Tracking a consistent set of participants with accounts from 1999 through 2006 allows the most meaningful analysis of changes in account balances over time. The EBRI/ICI Participant-Directed Retirement Plan Collection Project includes 3 million “consistent participants,” each of whom held a 401(k) account at the same employer at least from year-end 1999 through year-end 2006. In total, the Project’s database contains a snapshot of account information at year-end 2006 for 20 million 401(k) plan participants—about 40 percent of the universe of 401(k) plan participants—in 53,931 plans with more than $1.2 trillion in assets.
The study is published in the August 2007 issues of EBRI Issue Brief and ICI Perspective.
Among the study’s other findings:
- Most 401(k) assets are in stocks: On average, at year-end 2006, about two-thirds of 401(k) participants’ assets were invested in equity securities through equity funds, the equity portion of balanced funds, and company stock, and about one-third was in bond and money market funds and stable value assets. These proportions have changed little over the past 10 years.
- The share of 401(k) accounts invested in company stock continues to shrink: The share of 401(k) participants’ investments held in their employer’s stock dropped 2 percentage points (to 11 percent) in 2006, continuing a steady decline that began in 1999.
- New employees embrace lifecycle/lifestyle funds. Across all age groups, more new or recent hires are investing their 401(k) assets in balanced funds, including so-called “lifestyle” or “lifecycle” funds. At year-end 2006, 24 percent of the account balances of recently hired participants in their twenties were invested in balanced funds, compared with 19 percent in 2005 and about 7 percent in 1998.
- 401(k) loans are modest. In 2006, 18 percent of all 401(k) participants eligible for loans had taken a loan against their 401(k) account. Most loans tend to be small, amounting, on average, to 12 percent of the remaining account balance.

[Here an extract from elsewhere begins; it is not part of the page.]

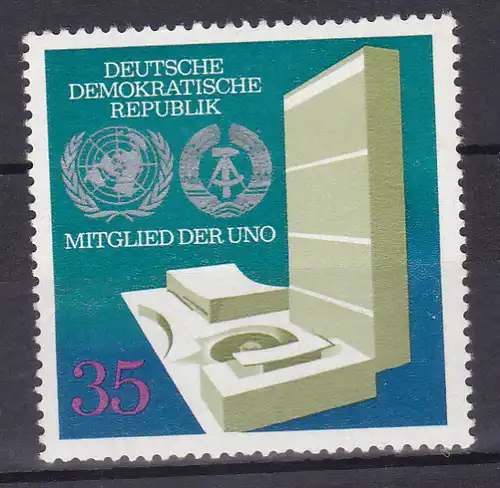 Aufnahme in die UNO, **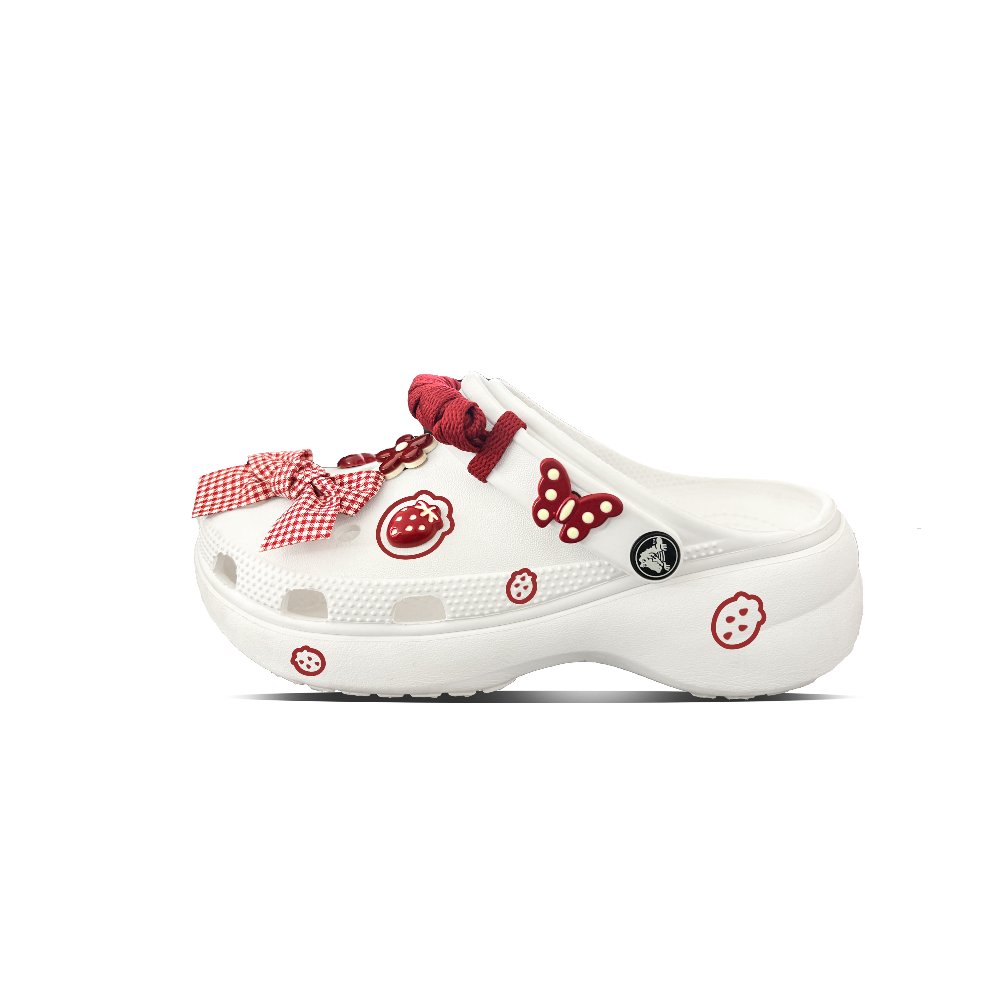 Crocs Classic Clog Berry Frozen Dessert Clogs Unisex Red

The average 401(k) balance of all participants at year-end 2006 was $61,346, and the median account balance was $18,986. However, such year-to-year snapshots can be misleading, since the sample of 401(k) participants changes as older, high-balance workers leave the 401(k) system and younger workers enter and create new accounts.
The study also reported that aggregate averages can mask the wide range of rates of change in account balances of consistent participants over time. For example, the average account balances among consistent participants in their twenties rose 40.9 percent, on average, annually from 1999 through 2006. Because this group tends to start with small accounts, new contributions have a large impact on their balances.
In contrast, the average account balance for consistent participants in their sixties rose nearly 3.7 percent annually over the same period. For these savers, many of whom started the period with significant account balances, annual contributions generally provide only a minor boost. In addition, participants in their sixties are more likely to make withdrawals from their accounts.
EBRI, established in 1978, is an independent nonprofit organization committed exclusively to data dissemination, policy research, and education on economic security and employee benefits. EBRI does not lobby and does not take positions on policy questions. The Institute, founded in 1940, is the national association of U.S. investment companies. Its mutual fund members serve 93.9 million individual shareholders and manage $11.2 trillion in investor assets.